--- START ---

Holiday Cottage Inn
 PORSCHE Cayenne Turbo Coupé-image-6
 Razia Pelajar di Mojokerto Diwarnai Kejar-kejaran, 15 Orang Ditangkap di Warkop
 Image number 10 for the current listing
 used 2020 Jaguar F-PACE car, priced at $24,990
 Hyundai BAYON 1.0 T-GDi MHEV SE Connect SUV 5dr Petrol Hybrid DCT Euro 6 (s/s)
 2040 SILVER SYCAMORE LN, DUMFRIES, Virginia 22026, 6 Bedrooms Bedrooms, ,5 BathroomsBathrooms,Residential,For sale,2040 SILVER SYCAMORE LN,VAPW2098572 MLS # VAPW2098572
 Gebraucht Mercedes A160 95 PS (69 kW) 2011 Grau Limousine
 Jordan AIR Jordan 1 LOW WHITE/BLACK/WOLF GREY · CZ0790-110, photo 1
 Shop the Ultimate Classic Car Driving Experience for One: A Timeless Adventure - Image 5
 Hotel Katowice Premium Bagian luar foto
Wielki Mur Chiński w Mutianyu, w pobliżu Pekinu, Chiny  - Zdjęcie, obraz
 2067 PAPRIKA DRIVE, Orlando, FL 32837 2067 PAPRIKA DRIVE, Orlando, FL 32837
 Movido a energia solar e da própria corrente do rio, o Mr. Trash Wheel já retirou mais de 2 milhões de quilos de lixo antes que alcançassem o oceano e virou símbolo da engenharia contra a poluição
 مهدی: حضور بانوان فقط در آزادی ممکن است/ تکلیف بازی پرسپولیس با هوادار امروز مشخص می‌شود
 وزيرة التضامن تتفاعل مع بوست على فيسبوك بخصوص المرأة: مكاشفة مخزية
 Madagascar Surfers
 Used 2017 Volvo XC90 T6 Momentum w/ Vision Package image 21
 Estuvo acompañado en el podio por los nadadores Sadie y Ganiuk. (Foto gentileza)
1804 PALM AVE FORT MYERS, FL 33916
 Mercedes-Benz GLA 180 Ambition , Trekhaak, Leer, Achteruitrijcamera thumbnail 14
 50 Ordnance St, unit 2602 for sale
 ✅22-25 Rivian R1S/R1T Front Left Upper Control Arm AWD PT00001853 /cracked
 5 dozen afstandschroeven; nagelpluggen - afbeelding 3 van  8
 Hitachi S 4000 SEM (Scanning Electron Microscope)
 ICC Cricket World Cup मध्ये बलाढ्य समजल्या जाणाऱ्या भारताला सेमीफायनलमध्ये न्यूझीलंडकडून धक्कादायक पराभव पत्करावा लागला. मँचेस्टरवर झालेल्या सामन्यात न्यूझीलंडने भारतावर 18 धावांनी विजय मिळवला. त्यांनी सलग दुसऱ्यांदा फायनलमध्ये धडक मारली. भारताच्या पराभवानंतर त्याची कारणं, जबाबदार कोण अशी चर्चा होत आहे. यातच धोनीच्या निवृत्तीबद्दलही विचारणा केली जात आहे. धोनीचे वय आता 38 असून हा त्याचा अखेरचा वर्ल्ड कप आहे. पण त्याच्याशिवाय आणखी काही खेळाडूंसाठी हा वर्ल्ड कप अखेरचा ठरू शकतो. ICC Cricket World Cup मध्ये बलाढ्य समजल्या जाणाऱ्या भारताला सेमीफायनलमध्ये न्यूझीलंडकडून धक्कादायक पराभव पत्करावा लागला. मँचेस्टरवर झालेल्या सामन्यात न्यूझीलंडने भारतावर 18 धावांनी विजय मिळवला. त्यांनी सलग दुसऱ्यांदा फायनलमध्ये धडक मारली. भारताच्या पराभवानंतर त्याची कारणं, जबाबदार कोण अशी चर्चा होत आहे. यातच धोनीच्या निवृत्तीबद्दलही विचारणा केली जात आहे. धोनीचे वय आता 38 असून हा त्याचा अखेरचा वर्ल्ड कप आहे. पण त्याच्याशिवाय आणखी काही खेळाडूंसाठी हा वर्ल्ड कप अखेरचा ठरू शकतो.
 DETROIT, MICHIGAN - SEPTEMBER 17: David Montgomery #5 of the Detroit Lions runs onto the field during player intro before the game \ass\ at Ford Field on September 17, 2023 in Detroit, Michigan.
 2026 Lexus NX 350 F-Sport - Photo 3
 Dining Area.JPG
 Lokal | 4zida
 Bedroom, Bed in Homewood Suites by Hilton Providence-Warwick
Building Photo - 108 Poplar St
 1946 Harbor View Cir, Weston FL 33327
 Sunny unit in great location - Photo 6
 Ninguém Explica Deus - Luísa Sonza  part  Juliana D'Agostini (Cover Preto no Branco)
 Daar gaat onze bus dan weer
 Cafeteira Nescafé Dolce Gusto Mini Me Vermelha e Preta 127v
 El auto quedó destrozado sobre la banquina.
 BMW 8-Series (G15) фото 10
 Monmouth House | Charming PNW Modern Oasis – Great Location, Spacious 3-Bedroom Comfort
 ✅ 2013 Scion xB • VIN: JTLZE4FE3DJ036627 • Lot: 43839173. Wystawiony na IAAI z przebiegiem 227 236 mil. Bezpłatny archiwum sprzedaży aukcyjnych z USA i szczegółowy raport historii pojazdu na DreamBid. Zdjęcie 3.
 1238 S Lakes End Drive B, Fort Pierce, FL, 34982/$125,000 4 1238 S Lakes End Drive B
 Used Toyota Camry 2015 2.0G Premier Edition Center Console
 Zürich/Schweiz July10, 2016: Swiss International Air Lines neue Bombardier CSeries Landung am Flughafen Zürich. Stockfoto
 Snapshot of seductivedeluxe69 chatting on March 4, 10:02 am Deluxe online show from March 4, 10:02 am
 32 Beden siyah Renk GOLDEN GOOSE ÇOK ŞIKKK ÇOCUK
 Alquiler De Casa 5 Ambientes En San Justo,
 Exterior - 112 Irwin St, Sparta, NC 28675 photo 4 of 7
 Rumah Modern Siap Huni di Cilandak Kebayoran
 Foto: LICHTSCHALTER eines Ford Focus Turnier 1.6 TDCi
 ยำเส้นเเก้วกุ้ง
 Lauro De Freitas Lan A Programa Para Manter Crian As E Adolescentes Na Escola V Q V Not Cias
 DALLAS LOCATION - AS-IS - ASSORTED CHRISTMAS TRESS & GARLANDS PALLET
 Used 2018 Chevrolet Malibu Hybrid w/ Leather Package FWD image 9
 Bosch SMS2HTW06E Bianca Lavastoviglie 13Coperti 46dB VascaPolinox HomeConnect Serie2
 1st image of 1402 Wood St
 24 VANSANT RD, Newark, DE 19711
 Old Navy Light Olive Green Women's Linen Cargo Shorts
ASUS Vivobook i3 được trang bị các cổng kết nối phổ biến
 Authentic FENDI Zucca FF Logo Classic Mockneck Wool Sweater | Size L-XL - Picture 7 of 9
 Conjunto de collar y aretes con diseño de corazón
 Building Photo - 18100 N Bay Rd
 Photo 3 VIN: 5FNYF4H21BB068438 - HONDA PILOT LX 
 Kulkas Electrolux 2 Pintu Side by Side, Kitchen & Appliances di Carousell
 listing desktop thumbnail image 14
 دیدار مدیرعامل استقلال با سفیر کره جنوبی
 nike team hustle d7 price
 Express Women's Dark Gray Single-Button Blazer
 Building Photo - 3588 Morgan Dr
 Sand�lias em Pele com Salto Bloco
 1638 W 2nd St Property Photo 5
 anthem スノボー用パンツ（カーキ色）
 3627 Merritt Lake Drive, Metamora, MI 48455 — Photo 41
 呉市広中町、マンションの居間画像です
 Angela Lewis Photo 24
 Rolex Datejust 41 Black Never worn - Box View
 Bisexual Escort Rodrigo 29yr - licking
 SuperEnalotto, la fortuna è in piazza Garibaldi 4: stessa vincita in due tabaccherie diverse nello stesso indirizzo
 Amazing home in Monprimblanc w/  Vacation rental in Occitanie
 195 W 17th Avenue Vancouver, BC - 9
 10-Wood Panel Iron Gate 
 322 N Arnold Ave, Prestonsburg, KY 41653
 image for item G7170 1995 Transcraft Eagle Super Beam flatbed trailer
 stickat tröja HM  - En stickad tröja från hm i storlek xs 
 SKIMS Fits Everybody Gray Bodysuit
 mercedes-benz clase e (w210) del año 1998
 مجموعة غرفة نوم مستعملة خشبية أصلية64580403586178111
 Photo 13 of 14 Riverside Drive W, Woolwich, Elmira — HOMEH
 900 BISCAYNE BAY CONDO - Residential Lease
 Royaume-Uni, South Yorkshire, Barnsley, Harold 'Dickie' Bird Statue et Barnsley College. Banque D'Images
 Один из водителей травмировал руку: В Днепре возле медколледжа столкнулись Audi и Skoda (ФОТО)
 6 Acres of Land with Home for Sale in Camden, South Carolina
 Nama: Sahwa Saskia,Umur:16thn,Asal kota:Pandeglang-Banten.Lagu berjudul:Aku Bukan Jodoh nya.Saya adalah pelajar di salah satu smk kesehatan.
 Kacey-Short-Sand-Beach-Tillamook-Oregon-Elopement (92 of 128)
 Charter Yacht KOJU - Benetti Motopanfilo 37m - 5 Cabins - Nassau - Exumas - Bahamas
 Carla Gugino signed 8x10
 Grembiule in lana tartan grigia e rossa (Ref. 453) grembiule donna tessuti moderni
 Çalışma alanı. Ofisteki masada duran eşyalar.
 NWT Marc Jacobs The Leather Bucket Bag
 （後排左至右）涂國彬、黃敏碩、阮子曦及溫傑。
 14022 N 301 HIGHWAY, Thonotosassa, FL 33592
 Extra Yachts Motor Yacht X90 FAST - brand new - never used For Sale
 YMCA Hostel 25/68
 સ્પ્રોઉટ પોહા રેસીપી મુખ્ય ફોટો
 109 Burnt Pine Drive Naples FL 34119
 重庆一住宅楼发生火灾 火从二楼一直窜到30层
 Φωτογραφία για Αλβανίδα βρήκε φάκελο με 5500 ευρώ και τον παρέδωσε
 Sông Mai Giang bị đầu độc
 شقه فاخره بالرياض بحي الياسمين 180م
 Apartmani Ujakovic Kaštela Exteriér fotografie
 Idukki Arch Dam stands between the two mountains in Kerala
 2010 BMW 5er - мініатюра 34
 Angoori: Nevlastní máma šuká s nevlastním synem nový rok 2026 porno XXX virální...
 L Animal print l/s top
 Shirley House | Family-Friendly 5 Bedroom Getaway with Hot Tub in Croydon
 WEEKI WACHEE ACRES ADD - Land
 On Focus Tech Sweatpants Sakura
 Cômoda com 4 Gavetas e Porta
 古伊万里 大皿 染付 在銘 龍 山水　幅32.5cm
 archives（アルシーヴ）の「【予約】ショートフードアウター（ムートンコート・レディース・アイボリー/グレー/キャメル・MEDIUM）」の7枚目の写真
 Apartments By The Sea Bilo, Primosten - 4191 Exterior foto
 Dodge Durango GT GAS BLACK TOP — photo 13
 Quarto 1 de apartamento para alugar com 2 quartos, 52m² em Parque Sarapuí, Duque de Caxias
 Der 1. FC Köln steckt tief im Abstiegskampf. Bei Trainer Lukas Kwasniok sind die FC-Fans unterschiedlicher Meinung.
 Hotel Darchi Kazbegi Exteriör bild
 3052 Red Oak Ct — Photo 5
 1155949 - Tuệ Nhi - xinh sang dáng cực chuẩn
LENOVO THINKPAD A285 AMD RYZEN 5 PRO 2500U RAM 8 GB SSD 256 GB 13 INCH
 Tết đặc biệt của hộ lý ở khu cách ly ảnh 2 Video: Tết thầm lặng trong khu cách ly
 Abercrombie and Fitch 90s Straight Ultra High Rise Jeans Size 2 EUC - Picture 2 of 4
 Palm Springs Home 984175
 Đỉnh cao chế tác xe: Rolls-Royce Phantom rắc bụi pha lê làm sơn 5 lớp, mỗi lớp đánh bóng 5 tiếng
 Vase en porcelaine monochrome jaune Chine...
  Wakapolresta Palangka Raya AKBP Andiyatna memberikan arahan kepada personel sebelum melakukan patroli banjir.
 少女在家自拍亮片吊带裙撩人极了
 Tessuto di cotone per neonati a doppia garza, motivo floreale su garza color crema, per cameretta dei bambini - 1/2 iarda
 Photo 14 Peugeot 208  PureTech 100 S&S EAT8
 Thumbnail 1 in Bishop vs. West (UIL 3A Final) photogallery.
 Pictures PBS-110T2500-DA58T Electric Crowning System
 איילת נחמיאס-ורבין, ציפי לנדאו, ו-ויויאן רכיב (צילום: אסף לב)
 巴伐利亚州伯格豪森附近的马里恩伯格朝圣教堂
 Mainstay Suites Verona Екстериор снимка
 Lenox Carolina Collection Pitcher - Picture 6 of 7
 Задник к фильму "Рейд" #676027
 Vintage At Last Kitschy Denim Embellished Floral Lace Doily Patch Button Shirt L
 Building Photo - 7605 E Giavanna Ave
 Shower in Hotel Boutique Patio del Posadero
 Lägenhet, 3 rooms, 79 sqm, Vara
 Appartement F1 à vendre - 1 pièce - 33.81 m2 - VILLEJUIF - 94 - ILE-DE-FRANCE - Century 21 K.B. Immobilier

--- END ---

▶ _WHAT NEEDS TO BE DONE_:
Among the records above, a stretch begins at the line containing "Jordan AIR Jordan" and ends at the line containing "ठरू शकतो. ICC". Restate that stretch word for word, and nothing else.

▶ _ANSWER BELOW_:
 Jordan AIR Jordan 1 LOW WHITE/BLACK/WOLF GREY · CZ0790-110, photo 1
 Shop the Ultimate Classic Car Driving Experience for One: A Timeless Adventure - Image 5
 Hotel Katowice Premium Bagian luar foto
Wielki Mur Chiński w Mutianyu, w pobliżu Pekinu, Chiny  - Zdjęcie, obraz
 2067 PAPRIKA DRIVE, Orlando, FL 32837 2067 PAPRIKA DRIVE, Orlando, FL 32837
 Movido a energia solar e da própria corrente do rio, o Mr. Trash Wheel já retirou mais de 2 milhões de quilos de lixo antes que alcançassem o oceano e virou símbolo da engenharia contra a poluição
 مهدی: حضور بانوان فقط در آزادی ممکن است/ تکلیف بازی پرسپولیس با هوادار امروز مشخص می‌شود
 وزيرة التضامن تتفاعل مع بوست على فيسبوك بخصوص المرأة: مكاشفة مخزية
 Madagascar Surfers
 Used 2017 Volvo XC90 T6 Momentum w/ Vision Package image 21
 Estuvo acompañado en el podio por los nadadores Sadie y Ganiuk. (Foto gentileza)
1804 PALM AVE FORT MYERS, FL 33916
 Mercedes-Benz GLA 180 Ambition , Trekhaak, Leer, Achteruitrijcamera thumbnail 14
 50 Ordnance St, unit 2602 for sale
 ✅22-25 Rivian R1S/R1T Front Left Upper Control Arm AWD PT00001853 /cracked
 5 dozen afstandschroeven; nagelpluggen - afbeelding 3 van  8
 Hitachi S 4000 SEM (Scanning Electron Microscope)
 ICC Cricket World Cup मध्ये बलाढ्य समजल्या जाणाऱ्या भारताला सेमीफायनलमध्ये न्यूझीलंडकडून धक्कादायक पराभव पत्करावा लागला. मँचेस्टरवर झालेल्या सामन्यात न्यूझीलंडने भारतावर 18 धावांनी विजय मिळवला. त्यांनी सलग दुसऱ्यांदा फायनलमध्ये धडक मारली. भारताच्या पराभवानंतर त्याची कारणं, जबाबदार कोण अशी चर्चा होत आहे. यातच धोनीच्या निवृत्तीबद्दलही विचारणा केली जात आहे. धोनीचे वय आता 38 असून हा त्याचा अखेरचा वर्ल्ड कप आहे. पण त्याच्याशिवाय आणखी काही खेळाडूंसाठी हा वर्ल्ड कप अखेरचा ठरू शकतो. ICC Cricket World Cup मध्ये बलाढ्य समजल्या जाणाऱ्या भारताला सेमीफायनलमध्ये न्यूझीलंडकडून धक्कादायक पराभव पत्करावा लागला. मँचेस्टरवर झालेल्या सामन्यात न्यूझीलंडने भारतावर 18 धावांनी विजय मिळवला. त्यांनी सलग दुसऱ्यांदा फायनलमध्ये धडक मारली. भारताच्या पराभवानंतर त्याची कारणं, जबाबदार कोण अशी चर्चा होत आहे. यातच धोनीच्या निवृत्तीबद्दलही विचारणा केली जात आहे. धोनीचे वय आता 38 असून हा त्याचा अखेरचा वर्ल्ड कप आहे. पण त्याच्याशिवाय आणखी काही खेळाडूंसाठी हा वर्ल्ड कप अखेरचा ठरू शकतो.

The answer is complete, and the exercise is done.